Just want to share some pictures of my new additions!
Heres 3 black headed monitor (Varanus tristis) hatchlings!
Enjoy!


----------



## cyclamen (Mar 8, 2007)

nice


----------



## nook171 (Mar 8, 2007)

nice how many you got i counted 3 lol any mre


----------



## zhutou (Mar 8, 2007)

nook171 said:


> nice how many you got i counted 3 lol any mre



There are only 3 hehe


----------



## cement (Mar 8, 2007)

they are very cute , i aim to get some type of monitor someday


----------



## zhutou (Mar 8, 2007)

cement said:


> they are very cute , i aim to get some type of monitor someday



Thanks cement.
Yea these are very active monitors to consider hehe, I am very happy with them! They are so worth every penny!


----------



## Adam (Mar 8, 2007)

Did you get them off James Haberfield?


----------



## zhutou (Mar 9, 2007)

Adam said:


> Did you get them off James Haberfield?



Sure did =)


----------



## MannyM (Mar 9, 2007)

Why don't any of them have black heads? Stupid question?


----------



## deathinfire (Mar 9, 2007)

congrats  Thats a great looking setup by the way, lots of room for the little guys and gals to explore!


----------



## Deano (Mar 9, 2007)

Awesome, thanks for sharing..............


----------



## choppy (Mar 9, 2007)

want some : ]
nice


----------



## hornet (Mar 9, 2007)

how much do they go for, i would much prefer a tristis to say an ackie


----------



## Tristis (Mar 9, 2007)

very nice,did you see the adults if so what did they look like?


----------



## Aslan (Mar 9, 2007)

hornet said:


> how much do they go for, i would much prefer a tristis to say an ackie


 
At the MacHerps show Bigguy was selling his for $250 I think...they didn't last long at all at that price...


----------



## nocajudo (Mar 9, 2007)

how big do they get


----------



## Tristis (Mar 9, 2007)

60 - 80 cm mine about 65cm


----------



## zhutou (Mar 9, 2007)

Tristis said:


> very nice,did you see the adults if so what did they look like?

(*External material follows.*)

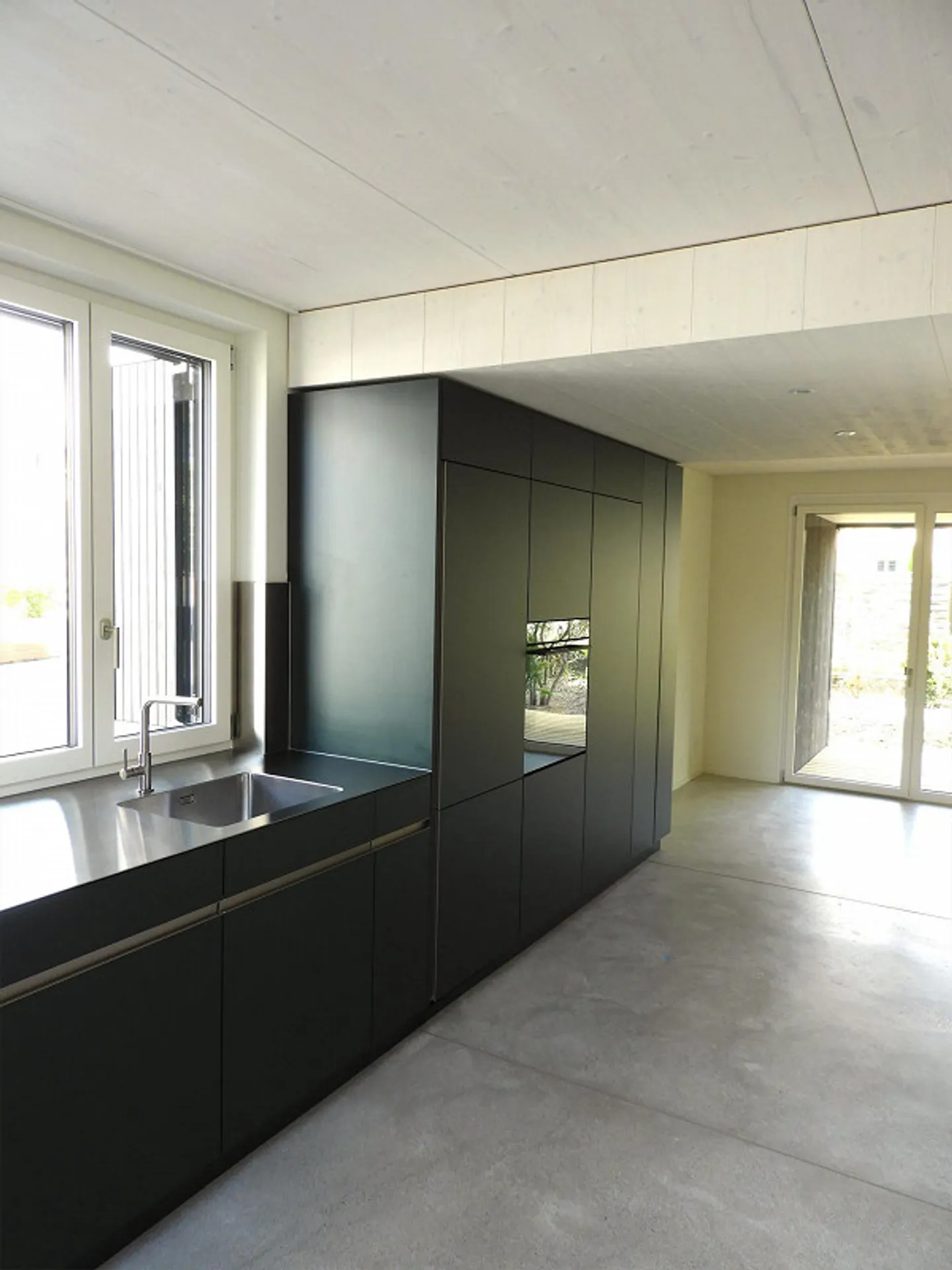 Première location d'un appartement de 4,5 pièces dans une maison jumelée avec jardin - Photo 3 sur 12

No i did not get to see the adults as i picked them up from the seller's workplace.



Aslan said:


> At the MacHerps show Bigguy was selling his for $250 I think...they didn't last long at all at that price...



I got mine for $250 each, and i believe there are still 2 more clutches to come!
Keep your eyes open guys 
=D


----------



## michael555 (Mar 10, 2007)

there good looking monitors does anyone know where u can buy them in queensland and the things u would need 4 em


----------